I do think Walt Whitman would be honored by your words, Glenn. I wonder if he realized how many budding poets he inspired. I enjoyed all of the details you included, including details of uninspiring poets. Why we have to study them first in high school, I wonder!

Misky said...

I think your youthful view of poetry is very common, but at some point poetry touches everyone. Your poem touched me, truly.

Wolfsrosebud said...

poetry grows... each of us gleaning from experience and our favorite authors... sprinkle a little personal in it all... which you seem to have

Peggy said...

How lucky you were to be introduced to poetry in jr. high school. My main memory of English in those grades is the teacher trying to get us all to sit in our seats for the whole hour. No wonder I never wanted to be an English teacher. I like the way you grew your poem as poetry grew with you.

C.C. said...

I had to read (and memorize) Ozymandias in school and I actually remember enjoying it, if you can imagine that!! The way you've expressed what Walt and his poetry did for you makes me wish I'd had a similar encounter with poetry in my adolescent years....what a joyous and passionate exodus from the angst and rigidity that binds one in those years :-) Lovely write today, Glenn :-)

Gabriella said...

My favorite part in this poem is your first encounter with Walt Whitman. I can see how he influenced your writings. I had a class on Whitman at college and he was something very different after the English poets I had studied earlier - like an everlasting draft of fresh wind.

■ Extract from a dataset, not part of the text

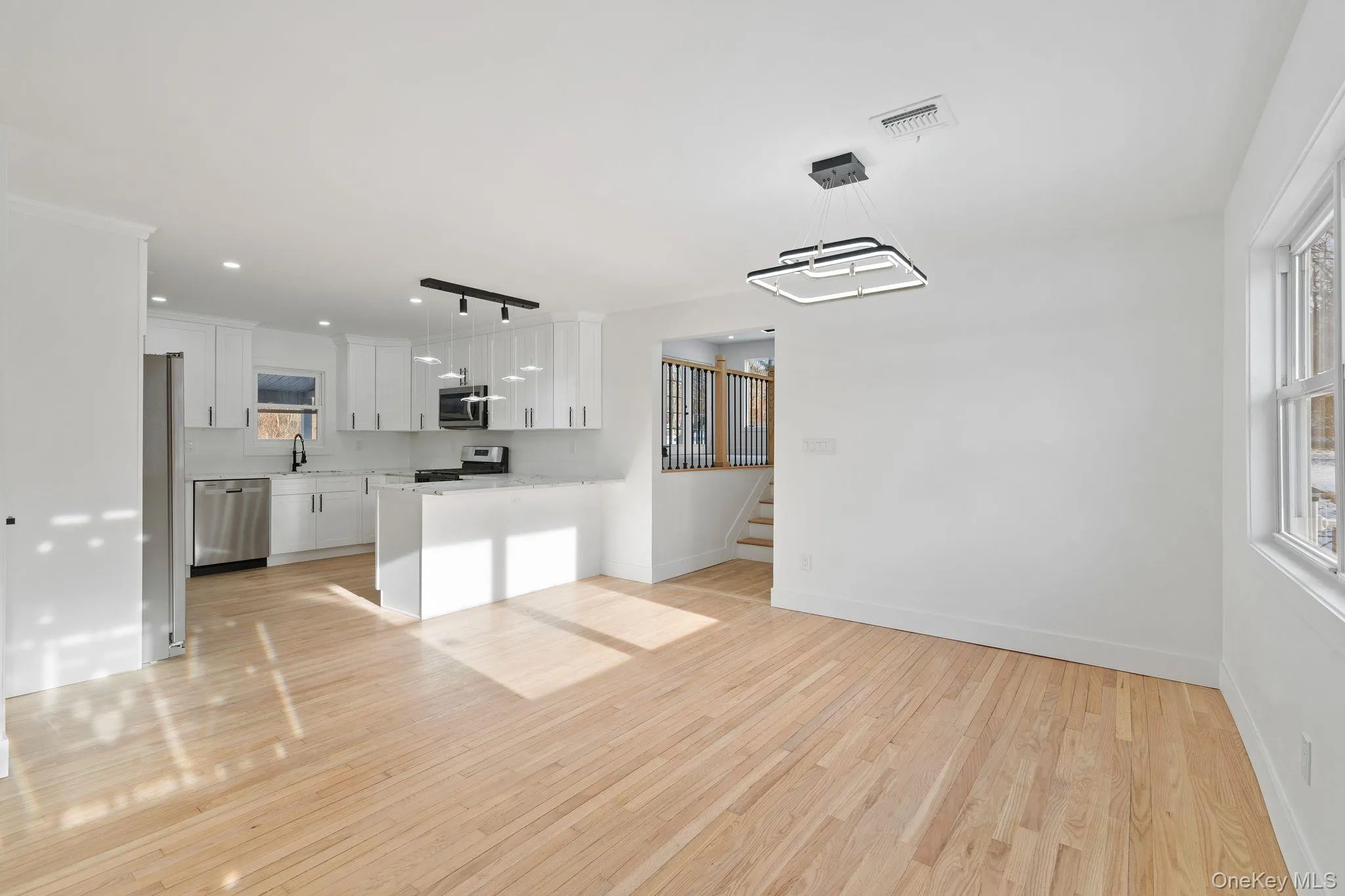 Unfurnished living room featuring light wood-type flooring, recessed lighting, and stairs Unfurnished living room featuring light wood-type flooring, recessed lighting, and stairs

Katie Mia Frederick said...

Ah.. God.. i miss all those poets.. and truly the only poet.. and line of poem.. i ever pay attention to in decades of life.. as poetry is gibberish.. to me.. more or less.. then..

is a few short words about 'leaves of gras's.. that tell the story of life.. whole.. from brow to sand.. to truly loving life as flesh and blood..now..:)

Yeah.. Walt is literally the one and only poet i know.. then at least.. No.. tHere are no high brow poets wheRre i'm from..:)

i know nothing about poetry.. i think Socrates says something in reason.. like that too.. other than heArt.. and i'll keep it that way.. to come..for now...:)

kaykuala said...

Most exhaustive recollections Glenn! You have been privileged for having gone through the rudiments of poetry on a somewhat organized basis long ago. That tells a lot in what you've put into your writings. It is no small wonder that you present gems for us all the time. Thanks for sharing!

Hank

Anonymous said...

Another great piece, Glenn. And I can't read your opening quote without seeing and hearing Robin Williams as John Keating, telling his students to sound a mighty "Yawp".

Myrna R. said...

You did a great job of paying tribute, emulating Whitman, and revealing a piece of yourself. I so much enjoyed reading this. I like your resistance, then your love of poetry and freedom. I'm with you on that and Whitman is one of my favorites too.

Unknown said...

Typical reaction from youth on poetry... oh was I called gay for liking/writing poetry... oy... in most--not all--cases maturity kicks in and they learn that it really ain't that fuckin bad... And you're the second person this week to mention Walt; I haven't read him before, I admit... so I must do my research.